NVIDIA / Deep-Learning-Accelerator-SW

NVIDIA DLA-SW, the recipes and tools for running deep learning workloads on NVIDIA DLA cores for inference applications.
Other
181 stars 15 forks source link

Need more DLA samples #1

Closed ram-cherukuri closed 1 year ago

ram-cherukuri commented 1 year ago

Please use this as a forum to tell us what types of samples would be most useful to you for leveraging DLA effectively in your application development. We will try our best to address the requests.

DzAvril commented 1 year ago

This is great! I am learning to program dla with cudla in standalone mode by cuda samples cuDLAStandaloneMode.
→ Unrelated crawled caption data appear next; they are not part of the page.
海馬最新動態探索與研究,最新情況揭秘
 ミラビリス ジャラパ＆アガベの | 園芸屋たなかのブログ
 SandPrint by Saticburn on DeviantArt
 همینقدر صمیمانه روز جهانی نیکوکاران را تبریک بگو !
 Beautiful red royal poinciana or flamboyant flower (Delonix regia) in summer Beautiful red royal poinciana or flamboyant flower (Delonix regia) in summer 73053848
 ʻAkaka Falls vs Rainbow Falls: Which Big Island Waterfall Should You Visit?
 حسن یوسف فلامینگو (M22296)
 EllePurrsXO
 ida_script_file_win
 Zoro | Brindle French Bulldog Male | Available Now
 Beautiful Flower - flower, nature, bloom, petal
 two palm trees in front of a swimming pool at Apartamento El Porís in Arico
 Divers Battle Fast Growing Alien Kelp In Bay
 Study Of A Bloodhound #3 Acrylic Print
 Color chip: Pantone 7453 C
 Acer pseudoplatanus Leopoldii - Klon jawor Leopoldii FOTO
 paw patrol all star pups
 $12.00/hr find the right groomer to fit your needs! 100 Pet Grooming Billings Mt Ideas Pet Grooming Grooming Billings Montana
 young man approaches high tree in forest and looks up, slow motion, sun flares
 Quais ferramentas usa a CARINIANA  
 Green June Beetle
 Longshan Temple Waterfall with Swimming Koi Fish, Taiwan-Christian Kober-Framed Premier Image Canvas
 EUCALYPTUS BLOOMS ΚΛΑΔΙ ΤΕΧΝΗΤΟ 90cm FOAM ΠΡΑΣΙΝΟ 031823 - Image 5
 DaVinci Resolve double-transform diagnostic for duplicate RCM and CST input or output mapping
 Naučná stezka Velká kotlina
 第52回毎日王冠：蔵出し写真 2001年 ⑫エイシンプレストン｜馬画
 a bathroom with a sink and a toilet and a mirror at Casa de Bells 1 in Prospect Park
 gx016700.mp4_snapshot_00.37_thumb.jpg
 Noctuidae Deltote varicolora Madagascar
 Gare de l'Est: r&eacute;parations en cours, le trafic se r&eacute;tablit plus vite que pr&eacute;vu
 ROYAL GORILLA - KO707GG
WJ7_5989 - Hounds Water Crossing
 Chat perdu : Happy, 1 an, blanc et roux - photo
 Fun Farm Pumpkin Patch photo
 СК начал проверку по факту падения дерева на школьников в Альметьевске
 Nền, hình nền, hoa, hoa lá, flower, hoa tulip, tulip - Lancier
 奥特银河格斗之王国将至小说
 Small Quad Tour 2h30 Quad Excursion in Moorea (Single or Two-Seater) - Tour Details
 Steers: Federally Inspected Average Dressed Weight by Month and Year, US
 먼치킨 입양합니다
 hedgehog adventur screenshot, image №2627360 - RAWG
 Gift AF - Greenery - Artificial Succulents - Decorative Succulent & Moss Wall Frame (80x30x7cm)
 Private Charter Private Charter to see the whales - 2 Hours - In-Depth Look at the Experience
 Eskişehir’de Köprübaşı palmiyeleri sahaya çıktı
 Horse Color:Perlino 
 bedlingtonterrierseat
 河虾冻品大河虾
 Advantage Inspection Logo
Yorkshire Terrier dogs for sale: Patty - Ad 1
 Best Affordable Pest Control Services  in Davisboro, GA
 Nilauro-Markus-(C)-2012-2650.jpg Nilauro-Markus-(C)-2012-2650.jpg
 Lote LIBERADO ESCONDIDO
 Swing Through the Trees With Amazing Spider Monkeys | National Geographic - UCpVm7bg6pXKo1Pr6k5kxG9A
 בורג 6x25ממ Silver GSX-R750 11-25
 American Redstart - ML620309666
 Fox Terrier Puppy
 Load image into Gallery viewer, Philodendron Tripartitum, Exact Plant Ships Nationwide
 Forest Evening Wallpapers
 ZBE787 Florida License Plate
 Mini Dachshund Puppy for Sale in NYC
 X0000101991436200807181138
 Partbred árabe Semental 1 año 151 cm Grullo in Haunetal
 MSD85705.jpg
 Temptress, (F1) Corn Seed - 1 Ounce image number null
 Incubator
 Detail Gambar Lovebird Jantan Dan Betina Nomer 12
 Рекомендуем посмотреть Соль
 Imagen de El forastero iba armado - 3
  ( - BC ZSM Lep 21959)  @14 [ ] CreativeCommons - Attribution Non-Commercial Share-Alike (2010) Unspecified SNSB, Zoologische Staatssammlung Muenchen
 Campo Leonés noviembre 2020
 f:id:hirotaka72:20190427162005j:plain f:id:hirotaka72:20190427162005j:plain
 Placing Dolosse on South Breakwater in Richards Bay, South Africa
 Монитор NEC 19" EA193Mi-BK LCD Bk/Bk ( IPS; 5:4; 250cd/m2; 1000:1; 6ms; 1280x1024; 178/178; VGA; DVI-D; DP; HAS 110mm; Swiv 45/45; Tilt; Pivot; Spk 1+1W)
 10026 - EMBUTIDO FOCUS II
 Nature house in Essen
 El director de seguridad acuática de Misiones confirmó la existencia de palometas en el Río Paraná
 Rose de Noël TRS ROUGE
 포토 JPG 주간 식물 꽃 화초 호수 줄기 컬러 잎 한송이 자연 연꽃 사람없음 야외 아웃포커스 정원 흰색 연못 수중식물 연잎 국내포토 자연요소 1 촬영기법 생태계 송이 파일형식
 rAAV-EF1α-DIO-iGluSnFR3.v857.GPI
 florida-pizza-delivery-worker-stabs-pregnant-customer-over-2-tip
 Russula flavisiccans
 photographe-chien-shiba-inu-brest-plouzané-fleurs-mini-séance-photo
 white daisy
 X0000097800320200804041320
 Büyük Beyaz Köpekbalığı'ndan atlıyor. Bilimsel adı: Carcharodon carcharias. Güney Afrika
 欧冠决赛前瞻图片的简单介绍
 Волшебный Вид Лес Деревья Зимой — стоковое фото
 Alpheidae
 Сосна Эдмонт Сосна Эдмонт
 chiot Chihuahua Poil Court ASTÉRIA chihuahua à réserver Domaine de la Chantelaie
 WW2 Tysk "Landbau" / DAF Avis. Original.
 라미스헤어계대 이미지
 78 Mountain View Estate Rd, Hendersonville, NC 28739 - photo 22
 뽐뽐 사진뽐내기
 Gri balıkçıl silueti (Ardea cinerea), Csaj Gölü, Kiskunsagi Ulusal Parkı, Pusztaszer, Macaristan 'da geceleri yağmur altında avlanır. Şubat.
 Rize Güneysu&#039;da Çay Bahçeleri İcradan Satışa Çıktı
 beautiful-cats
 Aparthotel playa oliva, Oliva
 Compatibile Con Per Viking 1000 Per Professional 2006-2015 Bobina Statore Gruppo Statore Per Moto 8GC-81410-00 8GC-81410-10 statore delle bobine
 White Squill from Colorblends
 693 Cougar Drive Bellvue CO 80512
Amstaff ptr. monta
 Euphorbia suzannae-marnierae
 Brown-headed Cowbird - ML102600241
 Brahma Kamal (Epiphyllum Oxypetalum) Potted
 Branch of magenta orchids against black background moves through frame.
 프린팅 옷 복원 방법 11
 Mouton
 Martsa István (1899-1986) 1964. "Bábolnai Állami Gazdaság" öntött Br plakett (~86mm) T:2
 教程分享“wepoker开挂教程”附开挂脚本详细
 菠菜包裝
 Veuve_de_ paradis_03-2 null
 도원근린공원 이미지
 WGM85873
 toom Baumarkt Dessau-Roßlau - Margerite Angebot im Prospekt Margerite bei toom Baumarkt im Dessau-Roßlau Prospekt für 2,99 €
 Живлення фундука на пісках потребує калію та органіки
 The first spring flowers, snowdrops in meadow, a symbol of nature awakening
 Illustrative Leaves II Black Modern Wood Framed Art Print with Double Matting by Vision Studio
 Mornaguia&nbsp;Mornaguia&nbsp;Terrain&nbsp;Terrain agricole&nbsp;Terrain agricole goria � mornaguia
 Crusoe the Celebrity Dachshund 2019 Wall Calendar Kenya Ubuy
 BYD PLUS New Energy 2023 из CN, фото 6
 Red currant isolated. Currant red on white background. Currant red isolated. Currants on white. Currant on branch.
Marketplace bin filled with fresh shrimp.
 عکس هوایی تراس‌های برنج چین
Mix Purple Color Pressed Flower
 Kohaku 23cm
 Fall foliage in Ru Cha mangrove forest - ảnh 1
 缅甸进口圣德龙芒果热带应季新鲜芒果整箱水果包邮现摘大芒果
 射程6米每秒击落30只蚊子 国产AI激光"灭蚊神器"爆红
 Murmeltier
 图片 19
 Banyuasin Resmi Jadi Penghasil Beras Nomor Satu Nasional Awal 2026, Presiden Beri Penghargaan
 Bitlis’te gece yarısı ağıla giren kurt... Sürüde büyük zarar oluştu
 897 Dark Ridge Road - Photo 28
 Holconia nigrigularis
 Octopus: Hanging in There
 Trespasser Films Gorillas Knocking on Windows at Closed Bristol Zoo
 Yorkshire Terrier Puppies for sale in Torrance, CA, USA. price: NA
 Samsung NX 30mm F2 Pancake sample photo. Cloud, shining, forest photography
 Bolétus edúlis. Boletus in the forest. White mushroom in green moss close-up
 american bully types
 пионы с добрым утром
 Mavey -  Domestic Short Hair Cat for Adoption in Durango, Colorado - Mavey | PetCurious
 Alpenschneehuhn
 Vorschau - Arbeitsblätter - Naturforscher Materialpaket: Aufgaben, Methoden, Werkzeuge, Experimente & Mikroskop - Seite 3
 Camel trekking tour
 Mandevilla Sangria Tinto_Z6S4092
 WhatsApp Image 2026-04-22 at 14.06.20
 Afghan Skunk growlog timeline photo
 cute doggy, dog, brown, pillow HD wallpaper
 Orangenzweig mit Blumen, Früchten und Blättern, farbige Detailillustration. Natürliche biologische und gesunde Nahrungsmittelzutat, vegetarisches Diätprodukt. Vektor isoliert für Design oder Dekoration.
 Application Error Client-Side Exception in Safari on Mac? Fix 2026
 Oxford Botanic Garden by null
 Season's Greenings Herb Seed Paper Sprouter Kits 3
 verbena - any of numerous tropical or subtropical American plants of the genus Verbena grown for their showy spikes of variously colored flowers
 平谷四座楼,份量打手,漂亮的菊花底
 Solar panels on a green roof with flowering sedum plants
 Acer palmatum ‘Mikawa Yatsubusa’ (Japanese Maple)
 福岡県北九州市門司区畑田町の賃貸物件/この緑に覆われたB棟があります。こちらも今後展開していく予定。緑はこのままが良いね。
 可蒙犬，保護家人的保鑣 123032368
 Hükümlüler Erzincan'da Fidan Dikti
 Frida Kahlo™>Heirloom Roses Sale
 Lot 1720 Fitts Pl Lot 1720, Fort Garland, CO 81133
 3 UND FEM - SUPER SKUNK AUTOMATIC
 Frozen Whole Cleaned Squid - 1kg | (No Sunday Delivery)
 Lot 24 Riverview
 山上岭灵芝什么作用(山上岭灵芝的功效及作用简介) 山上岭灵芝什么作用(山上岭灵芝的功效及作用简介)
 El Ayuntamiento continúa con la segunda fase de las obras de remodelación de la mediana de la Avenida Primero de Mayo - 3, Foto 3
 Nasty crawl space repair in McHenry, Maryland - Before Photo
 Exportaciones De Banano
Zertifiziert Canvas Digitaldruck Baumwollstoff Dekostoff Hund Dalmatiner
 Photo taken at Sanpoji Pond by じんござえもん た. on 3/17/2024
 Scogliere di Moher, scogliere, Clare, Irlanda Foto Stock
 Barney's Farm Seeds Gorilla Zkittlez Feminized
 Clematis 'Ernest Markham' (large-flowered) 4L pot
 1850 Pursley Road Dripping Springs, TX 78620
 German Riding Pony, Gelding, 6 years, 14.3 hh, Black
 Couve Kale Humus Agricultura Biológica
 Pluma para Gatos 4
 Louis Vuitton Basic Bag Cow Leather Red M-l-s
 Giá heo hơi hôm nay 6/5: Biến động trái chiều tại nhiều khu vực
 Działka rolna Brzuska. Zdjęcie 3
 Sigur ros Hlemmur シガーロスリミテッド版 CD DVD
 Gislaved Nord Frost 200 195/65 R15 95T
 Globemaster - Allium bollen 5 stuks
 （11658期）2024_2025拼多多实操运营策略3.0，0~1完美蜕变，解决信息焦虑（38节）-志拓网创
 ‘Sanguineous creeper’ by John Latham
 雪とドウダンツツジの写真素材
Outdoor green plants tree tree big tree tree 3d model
The loadable bin is created by tensorrt with cmd: trtexec --deploy=/usr/src/tensorrt/data/resnet50/ResNet50_N2.prototxt --model=/usr/src/tensorrt/data/resnet50/ResNet50_fp32.caffemodel --output=fc1000 --useDLACore=0 --int8 --memPoolSize=dlaSRAM:1 --inputIOFormats=int8:chw --outputIOFormats=int8:chw --saveEngine=./resnet_50_int8_chw.bin --buildOnly --safe The dtype of inputs and outputs of loadable bin are int8 and the original mode's are fp32. In the sample mentioned above, there is no code about how to pre-process the fp32 input to int8 and post-process the int8 output to float32. So, can you post a sample to demonstrate how to process fp32 input fed to dla int8 model?